На это надо было похлеще ответить, но слов таких, вразумительных, не нашлось, по-прежнему была помеха: всю-то правду про Булгака Должикову не откроешь.
— Пока я в смене, этого не будет! Булгак Чепелю не компания.
— Будет, Юра! — печально, с сожалением сказал Должиков. — Я-то уж тоже пока не бесправный. — Он и о том посожалел. — Чепель с Булгаком, конечно, не компания, но под одной вывеской побывали: что милиция, что вытрезвитель — контора одна. Я ж приговор не выношу, — нашел оправдание. — Суд вынесет.
— Ну, будем, значит, с тобой судиться, — сказал Подлепич. — Поглядим, кто кого.
Столько прожили бок о бок и не судились, подумал, — вот времена настали!
— Нам с тобой судиться — производству в колеса палки вставлять, — вовсе уже опечалился Должиков и, опечаленный, как бы поникший, подпер кулаками глянцевые щеки. — Нам судиться ни к чему. Мы свое получим. Да что я! — легонько вздохнул он. — Припаяют — переживу! Но тебе, Юра, — понизил голос, — при твоем положении…

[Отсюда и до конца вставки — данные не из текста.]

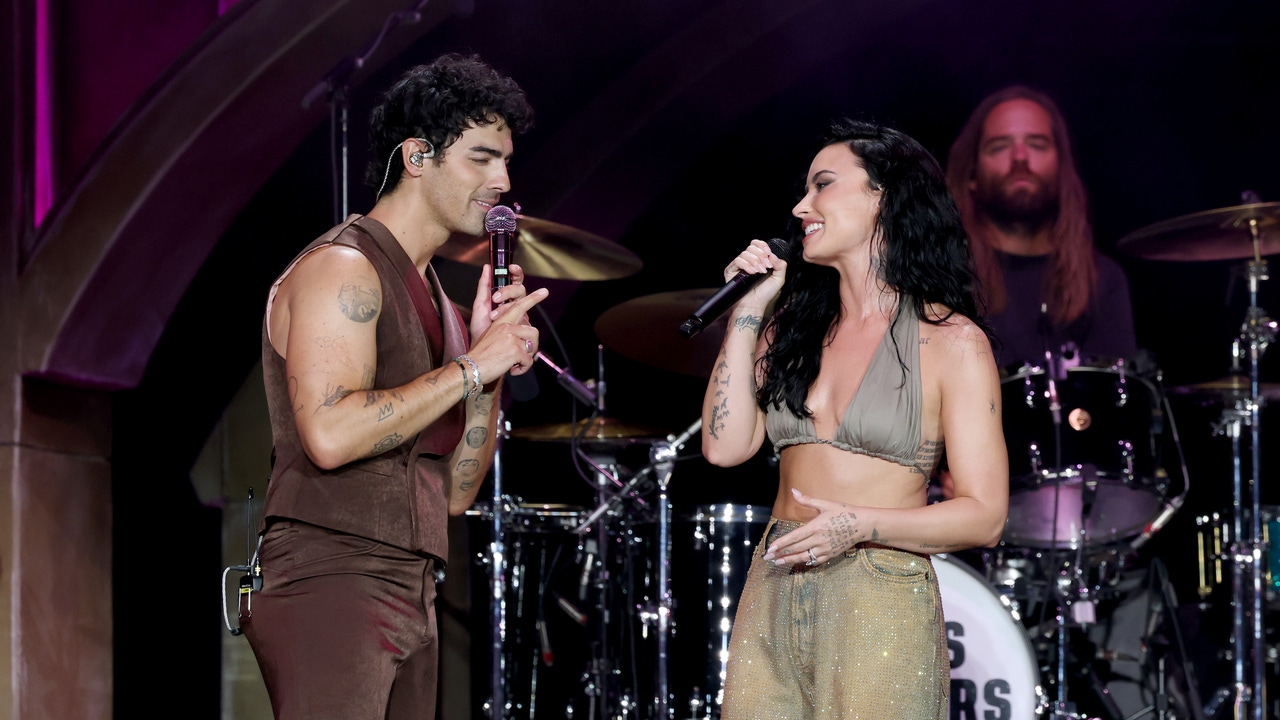 «hey-siri-reproduce-‘this-is-me'»:-las-palabras-de-demi-lovato-tras-su-reencuentro-con-los-jonas-brothers-en-concierto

Резануло это: неужто гибельный поезд уже на примете?
— При каком положении?
— Ну, Юра! — огорчился за него Должиков, пожалел его, забывчивого или наивного. — Ты ж кандидат на премию! На тебя уже, наверно, характеристики катают под копирку. Ну и вкатят беспринципность, примиренчество, гнилой либерализм! Тебе это нужно?
— А мне ничего не нужно, — сказал Подлепич. — Что есть — при мне, а что будет — возьми себе, не поскуплюсь.
Губы у Должикова были тверды, мужественны, резко и ладно очерчены, — дрогнули слегка: усмехнулся.
— Поскупишься! Грянет час, барабан забьет — не так заговоришь. Самое дорогое, что может быть: честь!
— И честь возьми себе, — сказал Подлепич.
Какую только? Ту, что сулили ему, или ту, которая была при нем? Поезд этот, бегущий по кривым рельсам, не выходил из головы.
— Честь, Юра, не червонец замусоленный… Переходящий из рук в руки. Честь в серию не идет, — рассуждал Должиков. — Для каждого — свой уникальный образец. Так что мне твоя честь ни к чему, как и моя — тебе. И отношение разное: я свою берегу. Не для червонца лишнего, не для доски почетной. Лично для себя. С какой целью? — опросил он и прищелкнул языком. — А с той же целью, с какой сердце берегут, печенку-селезенку. Без них жить нельзя! А ты не бережешь. Мне ее, честь свою, предлагаешь в дар. Это не подарок, Юра! — проговорил строго. — Это не щедрость. Это, знаешь ли, какой-то упадок сил. Какое-то безразличие, разочарование в жизни. Ты честь береги. Свою. Вот это будет и мне подарок. Ты подумай.